## Activity:
Could you restate the data word for word?

## Provided material:
*-*-*
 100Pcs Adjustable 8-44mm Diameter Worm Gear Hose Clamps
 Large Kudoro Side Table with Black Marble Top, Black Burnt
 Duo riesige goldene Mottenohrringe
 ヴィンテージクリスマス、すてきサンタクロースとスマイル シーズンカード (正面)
*-*-*
## Written solution:
 100Pcs Adjustable 8-44mm Diameter Worm Gear Hose Clamps
 Large Kudoro Side Table with Black Marble Top, Black Burnt
 Duo riesige goldene Mottenohrringe
 ヴィンテージクリスマス、すてきサンタクロースとスマイル シーズンカード (正面)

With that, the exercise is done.